> [Data excerpt]
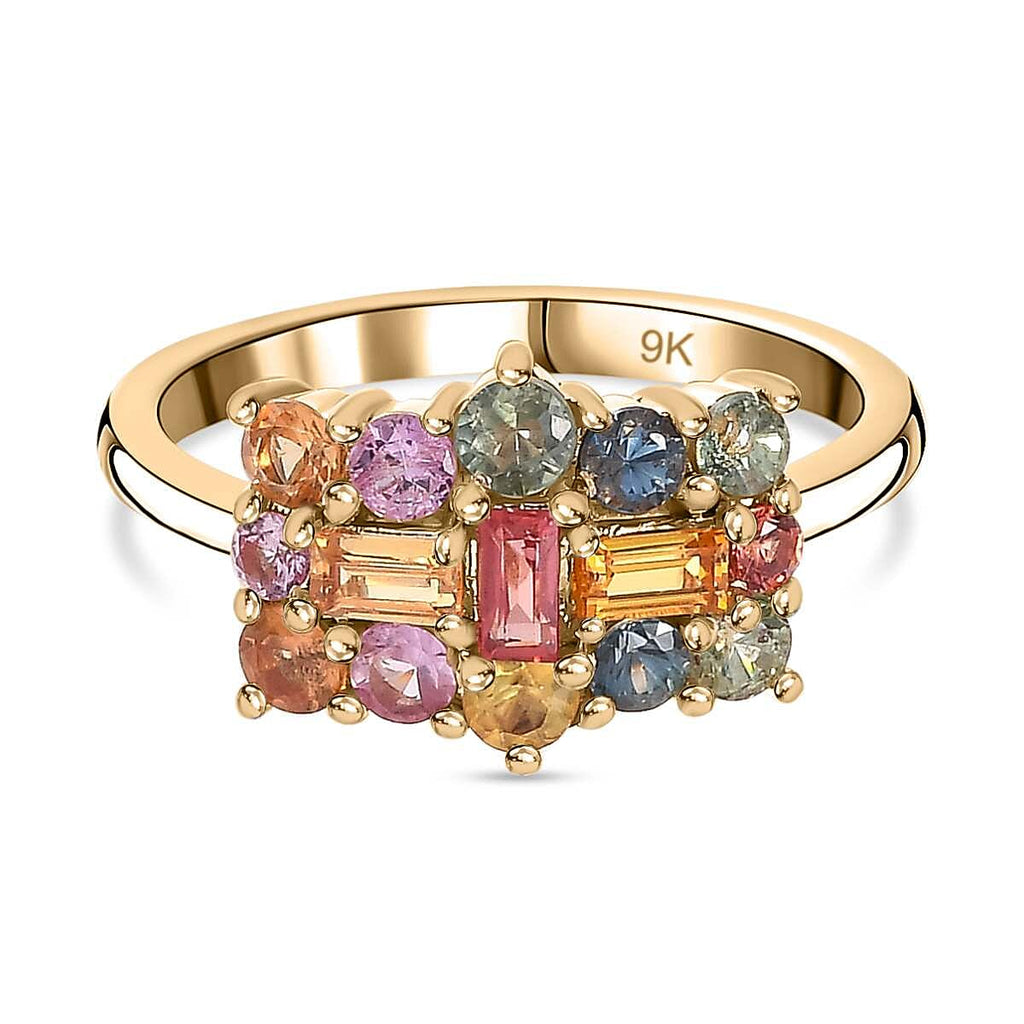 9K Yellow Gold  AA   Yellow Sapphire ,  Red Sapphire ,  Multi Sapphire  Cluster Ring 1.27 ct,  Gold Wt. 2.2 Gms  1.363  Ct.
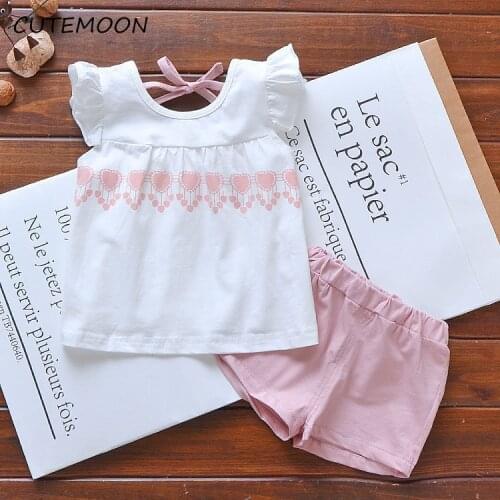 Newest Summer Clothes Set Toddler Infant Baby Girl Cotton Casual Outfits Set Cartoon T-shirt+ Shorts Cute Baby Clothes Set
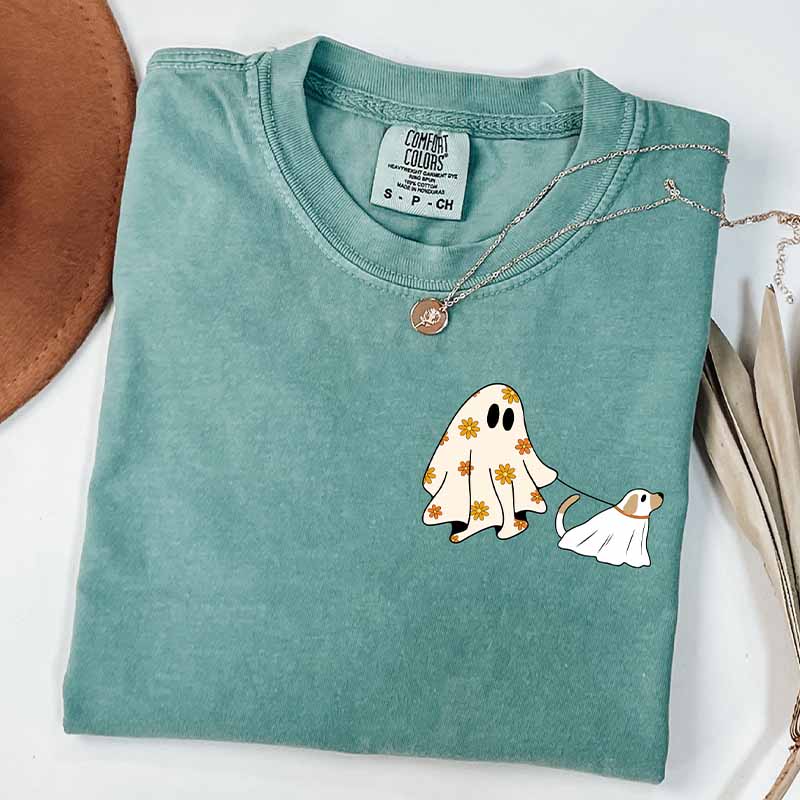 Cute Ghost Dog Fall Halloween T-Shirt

> [Action item]
The output should be the lines from the one with "Newest Summer Clothes" through the end of the material above, both ends included, printed exactly and nothing else. Drop the pictures.

> [Reply to the exercise]
 Newest Summer Clothes Set Toddler Infant Baby Girl Cotton Casual Outfits Set Cartoon T-shirt+ Shorts Cute Baby Clothes Set
 Cute Ghost Dog Fall Halloween T-Shirt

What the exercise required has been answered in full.